A packed archive is an efficient way to transfer a set of objects
between two repositories as well as an access efficient archival
format. In a packed archive, an object is either stored as a
compressed whole or as a difference from some other object.
The latter is often called a delta.
The packed archive format (.pack) is designed to be self-contained
so that it can be unpacked without any further information. Therefore,
each object that a delta depends upon must be present within the pack.

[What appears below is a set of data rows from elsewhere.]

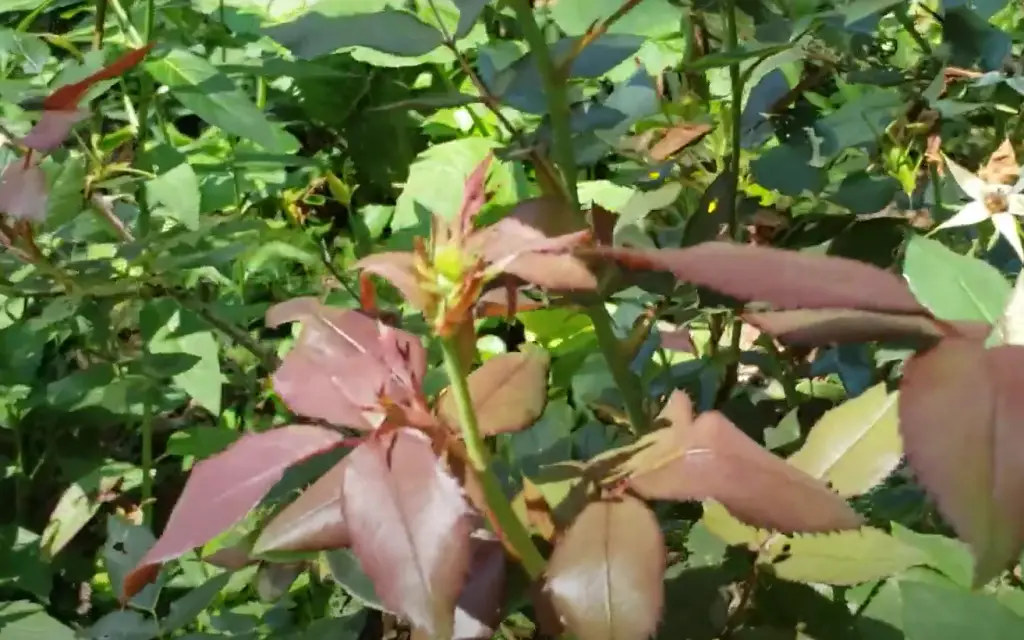 Do all roses respond positively to coffee grounds?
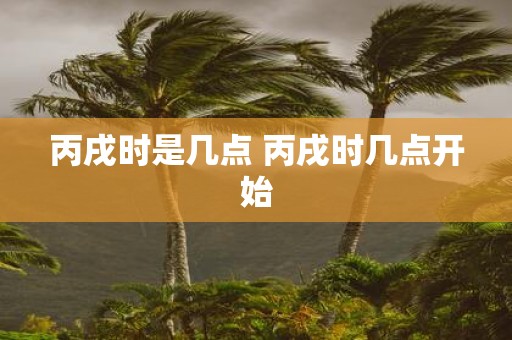丙戌时是几点 丙戌时几点开始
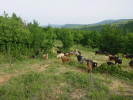 Tradiční přehánění pasených koz po stejných trasách v polootevřené krajině. Foto P. Kovář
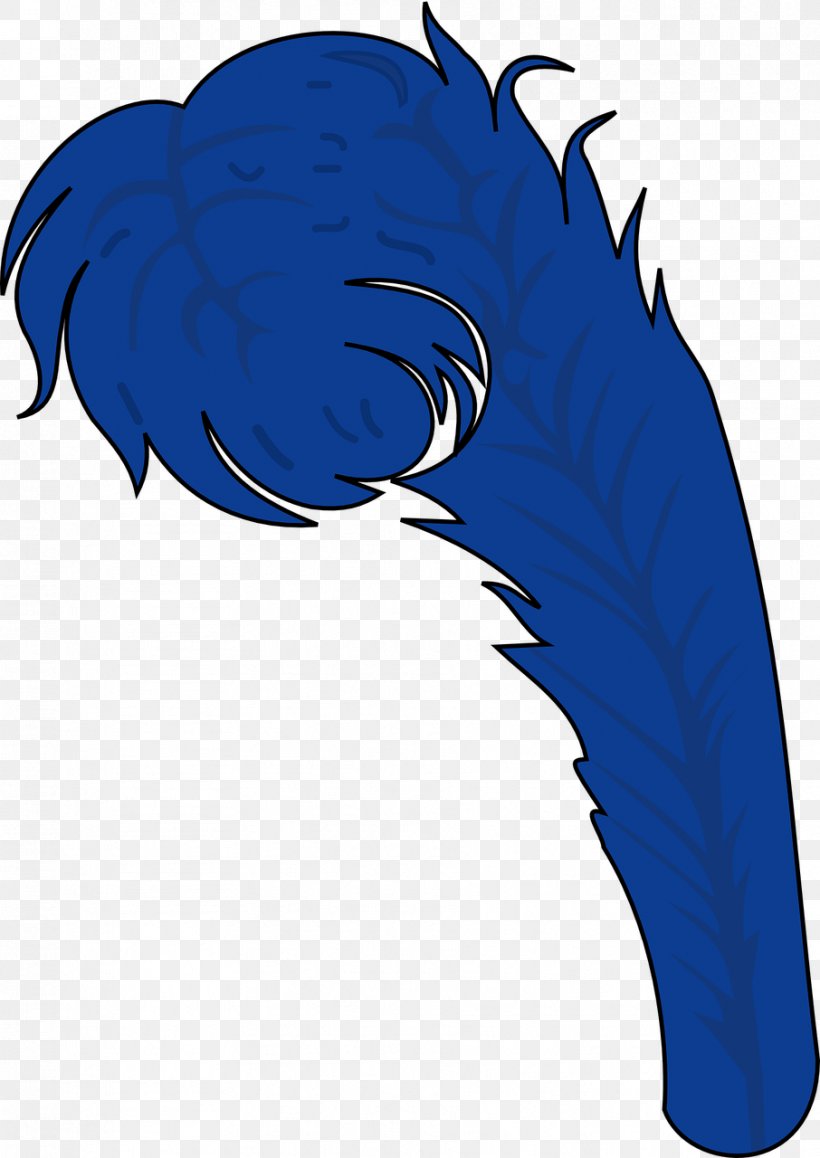 Bird Feather Clip Art, PNG, 906x1280px, Bird, Beak, Chicken, Claw, Cobalt Blue Download Free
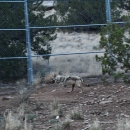 A Mexican wolf runs near a fence at a wolf facility in New Mexico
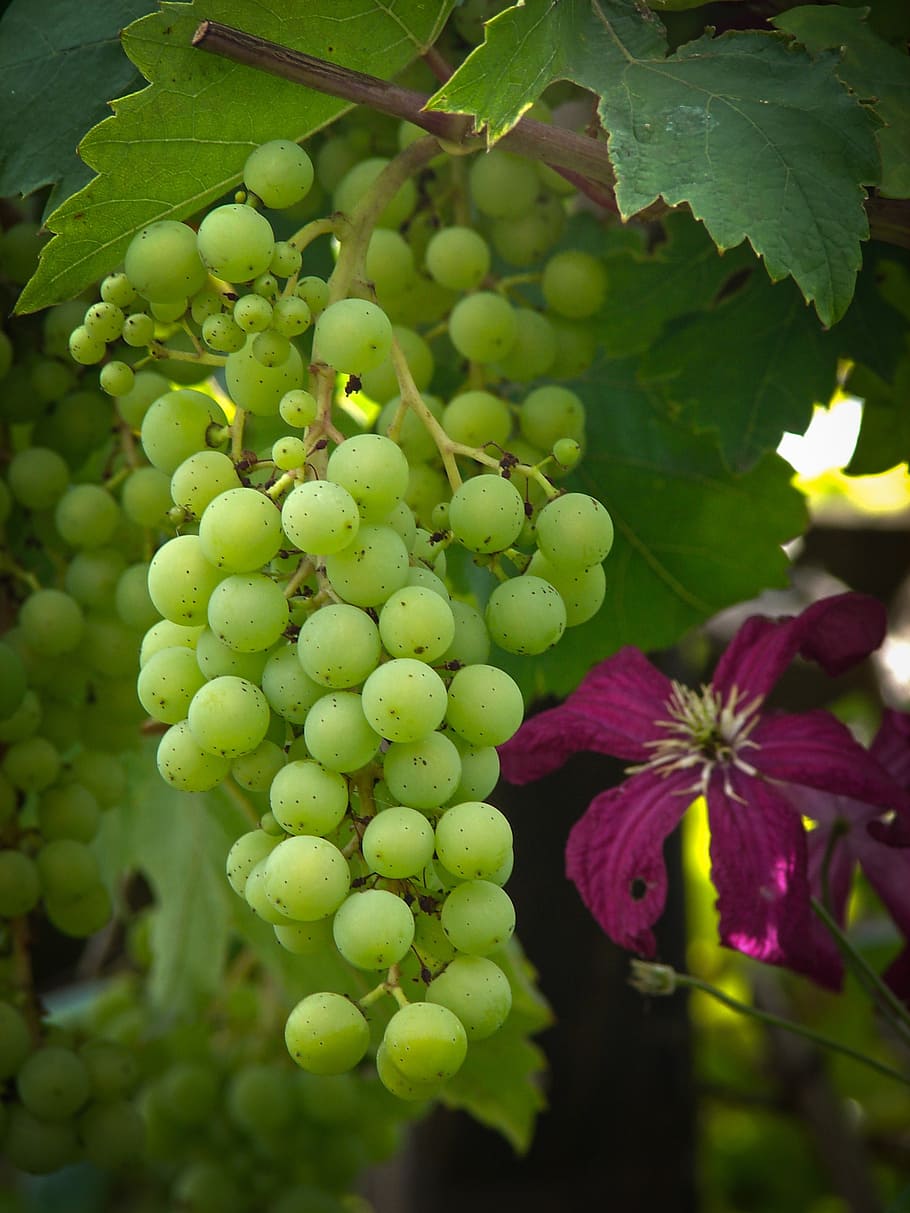 grapevine, grapes, table grapes, grape stock, winegrowing, green HD wallpaper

A pack index file (.idx) is generated for fast, random access to the
objects in the pack. Placing both the index file (.idx) and the packed
archive (.pack) in the pack/ subdirectory of $GIT_OBJECT_DIRECTORY (or
any of the directories on $GIT_ALTERNATE_OBJECT_DIRECTORIES)
enables Git to read from the pack archive.
Write into pairs of files (.pack and .idx), using
<base-name> to determine the name of the created file.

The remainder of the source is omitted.